最終的には、この曲でみんなのことが守れるようになれたら良いなって。みんなも気持ちのままに、叫べる曲になれば良いなと思って書きました。
――「H.O.L」は、“ヘイト・オア・ラブ”の略。スピード感のある楽曲で、ちょっとひねくれた恋愛観の曲になっていて。
高1〜高2に書いた曲です。私は、メロディを詰め込むのが好きで、息継ぎ出来ないくらいがすごい好きなんです。それで、すごく早口の曲になっていますね。

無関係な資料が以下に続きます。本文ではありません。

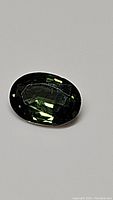 Close-up image of the natural oval cut forest green sapphire gemstone, showing clarity and cut details.
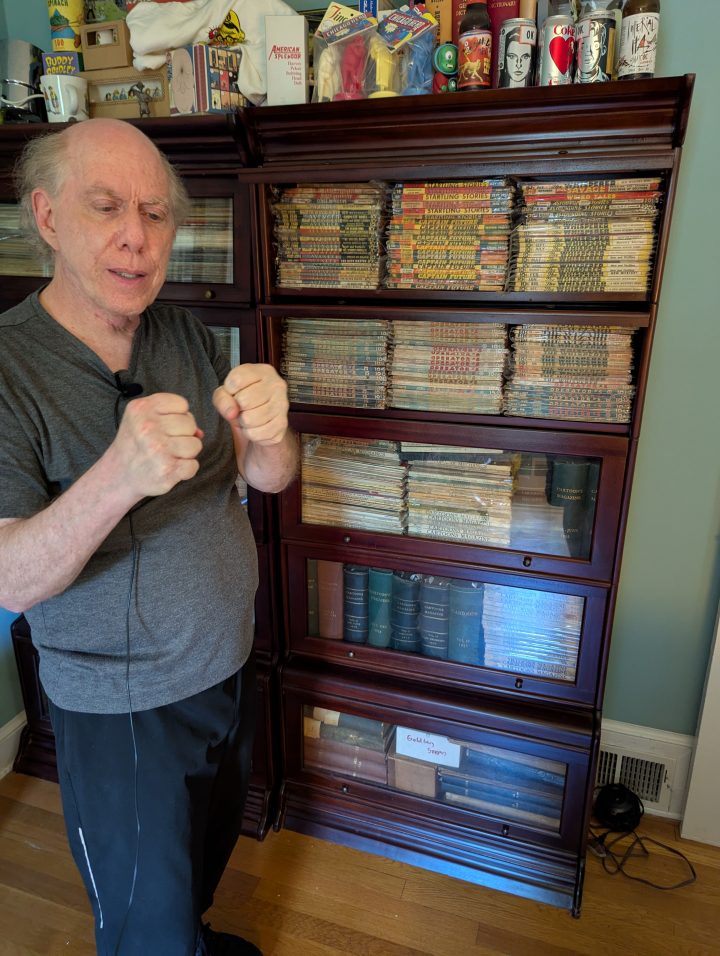 Warren Bernard with his extensive pulp magazine collection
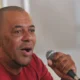 O rapper GOG, de camiseta vermelha, fala ao microfone em debate em Brasília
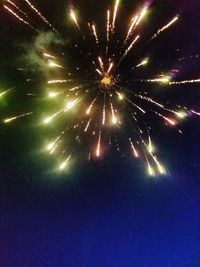 Low angle view of firework display at night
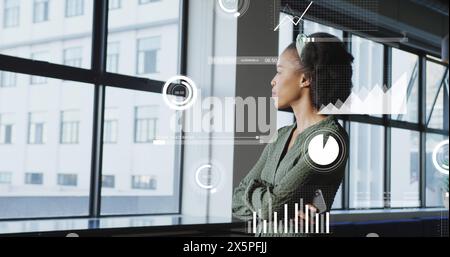 Immagine di grafici, barre, cerchi, donna birazziale che controlla il cellulare guardando attraverso la finestra Foto Stock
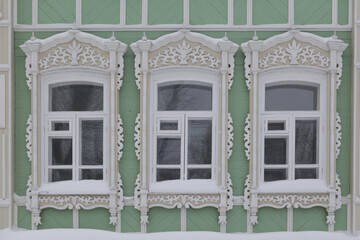 Ornamental carved windows, decorative frames on vintage wooden house on Pushkin Street, 40, Tomsk...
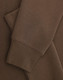A brown crew fleece jumper with visible cuffs and fabric texture detail. Features a logo.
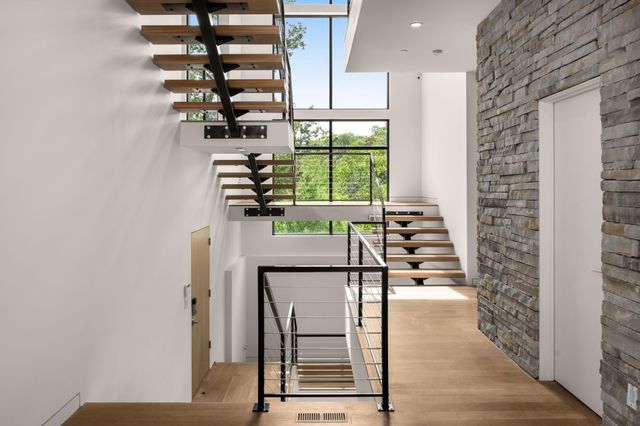 a living room with furniture tv and a large window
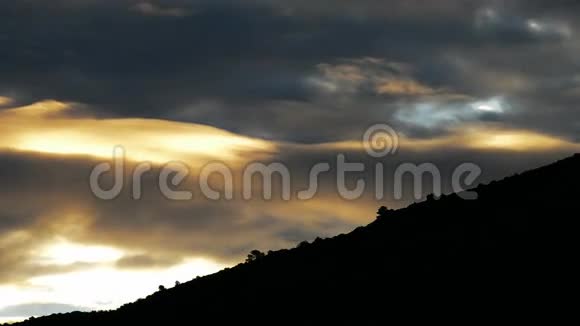 日出时金色的云彩在山上掠过视频的预览图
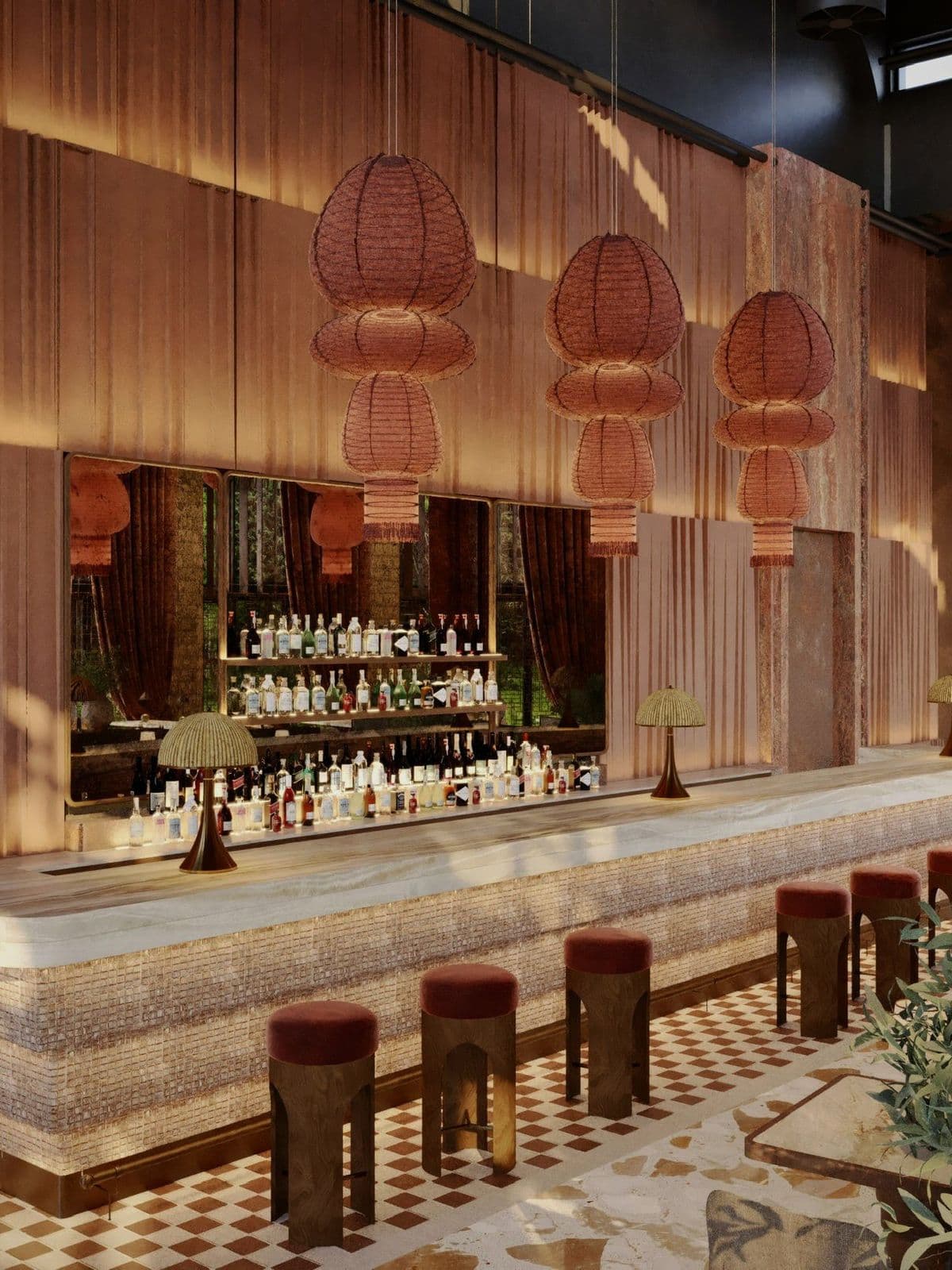 The bar: an onyx counter lined with velvet stools under rattan lantern pendants, with bottles shelved against a mirrored wall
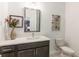 Well-lit bathroom with modern vanity, ample counter space, and decorative accents at 371 Grant Cir # 1813, Atlanta, GA 30315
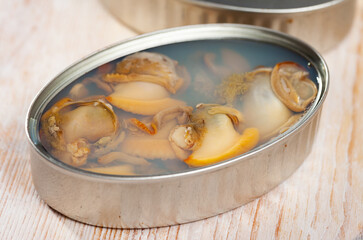 Marinated shellfish in an open tin can on wooden table. High quality photo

ちょっとひねくれた恋愛観ですけど、そこが自分っぽいと思って。でも、世の中に素直に恋愛をしてる人って、どれくらいいるんでしょうね(笑)?
絶対にみんな、そんな映画やマンガみたいな恋愛をしているわけないと思う。そういうのには憧れるけど、実質的には、もっと打算的なものもあると思うし。環境に左右される場合もあるだろうし。キラキラとした恋愛は、きっと一時のことだと思うので。
――ノイジーなサウンドとトリッキーなリズムが秀逸な「カタリナ」は、どうしてこういうタイトルに?
メロディと一緒に出てきた言葉なんですけど、語感がすごく良かったので。
ずっと使っている白いギターがあって、その時は、めっちゃギターが上手く弾けて。良い感じで出てきたコード進行に合わせて歌ったら、自然とメロディと言葉が、スルスルと出て来たんです。ギターが作らせてくれた曲みたいな感じです。
サビもAメロも全部メロディが一緒で、同じメロディを繰り返している曲です。歌詞も何を書こうとか決めず、その時に見たり感じたりしたことを、そのまま書いている感じ。でもクセになるって言うか。中毒性がハンパない曲だと思います。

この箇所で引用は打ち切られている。